Voy al punto del libro, directamente. No voy a traicionar a nadie ni voy a anticipar nada si digo que el libro es una no ficción, es decir, lo que se cuenta entre la tapa y la contratapa son hechos que pasaron, que le pasaron a Guadalupe, y que marcaron a fuego un momento de su vida.
En el libro hay, casi en simultáneo un nacimiento y una muerte.
Un golpe de esos tan fuertes en la vida que me acordé inmediatamente de “Los heraldos negros”, el poema de César Vallejo.
Hay golpes en la vida, tan fuertes… ¡Yo no sé!

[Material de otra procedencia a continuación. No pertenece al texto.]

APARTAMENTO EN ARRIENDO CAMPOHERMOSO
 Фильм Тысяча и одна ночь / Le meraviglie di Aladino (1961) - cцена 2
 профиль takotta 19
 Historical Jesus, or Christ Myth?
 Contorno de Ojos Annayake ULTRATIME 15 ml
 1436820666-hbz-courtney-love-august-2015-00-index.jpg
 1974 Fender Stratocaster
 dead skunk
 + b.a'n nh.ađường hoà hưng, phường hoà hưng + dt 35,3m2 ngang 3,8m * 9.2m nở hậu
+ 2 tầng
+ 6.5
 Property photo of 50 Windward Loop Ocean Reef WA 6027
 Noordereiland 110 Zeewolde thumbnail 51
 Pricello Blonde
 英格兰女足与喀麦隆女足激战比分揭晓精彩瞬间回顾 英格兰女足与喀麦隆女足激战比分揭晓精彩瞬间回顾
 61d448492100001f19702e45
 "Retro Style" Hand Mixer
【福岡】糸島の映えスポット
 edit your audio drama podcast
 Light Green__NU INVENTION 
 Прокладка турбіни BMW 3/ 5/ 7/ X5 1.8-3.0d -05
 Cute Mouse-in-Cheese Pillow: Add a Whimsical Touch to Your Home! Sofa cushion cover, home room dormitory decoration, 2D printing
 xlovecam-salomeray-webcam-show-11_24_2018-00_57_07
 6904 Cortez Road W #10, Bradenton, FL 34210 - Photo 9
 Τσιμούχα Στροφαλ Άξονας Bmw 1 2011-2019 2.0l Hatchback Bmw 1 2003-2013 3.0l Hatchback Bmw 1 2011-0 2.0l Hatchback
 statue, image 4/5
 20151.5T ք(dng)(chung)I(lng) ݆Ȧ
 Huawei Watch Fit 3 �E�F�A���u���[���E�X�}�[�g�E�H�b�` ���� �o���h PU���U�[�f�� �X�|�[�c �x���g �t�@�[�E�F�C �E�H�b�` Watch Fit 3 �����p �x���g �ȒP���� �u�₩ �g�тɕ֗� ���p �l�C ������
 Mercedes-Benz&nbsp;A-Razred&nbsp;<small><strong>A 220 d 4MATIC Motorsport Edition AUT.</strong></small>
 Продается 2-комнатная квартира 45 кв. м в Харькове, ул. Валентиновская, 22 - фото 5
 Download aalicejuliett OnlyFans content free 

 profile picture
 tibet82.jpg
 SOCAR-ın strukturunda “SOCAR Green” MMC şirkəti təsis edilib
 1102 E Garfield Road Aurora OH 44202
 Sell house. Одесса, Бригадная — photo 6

Golpes como del odio de Dios; como si ante ellos,
la resaca de todo lo sufrido
se empozara en el alma… ¡Yo no sé!
Son pocos; pero son… Abren zanjas oscuras
en el rostro más fiero y en el lomo más fuerte.
Serán tal vez los potros de bárbaros Atilas;
o los heraldos negros que nos manda la Muerte.
Son las caídas hondas de los Cristos del alma
de alguna fe adorable que el Destino blasfema.
Esos golpes sangrientos son las crepitaciones
de algún pan que en la puerta del horno se nos quema.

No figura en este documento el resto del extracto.